**Required action**
Quote every line below exactly as it reads.

**Input data**
+---+

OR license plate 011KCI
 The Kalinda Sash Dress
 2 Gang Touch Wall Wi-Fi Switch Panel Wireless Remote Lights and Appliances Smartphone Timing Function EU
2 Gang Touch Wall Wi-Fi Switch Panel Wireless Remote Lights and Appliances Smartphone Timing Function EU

+---+

**Answer to the exercise**
OR license plate 011KCI
 The Kalinda Sash Dress
 2 Gang Touch Wall Wi-Fi Switch Panel Wireless Remote Lights and Appliances Smartphone Timing Function EU
2 Gang Touch Wall Wi-Fi Switch Panel Wireless Remote Lights and Appliances Smartphone Timing Function EU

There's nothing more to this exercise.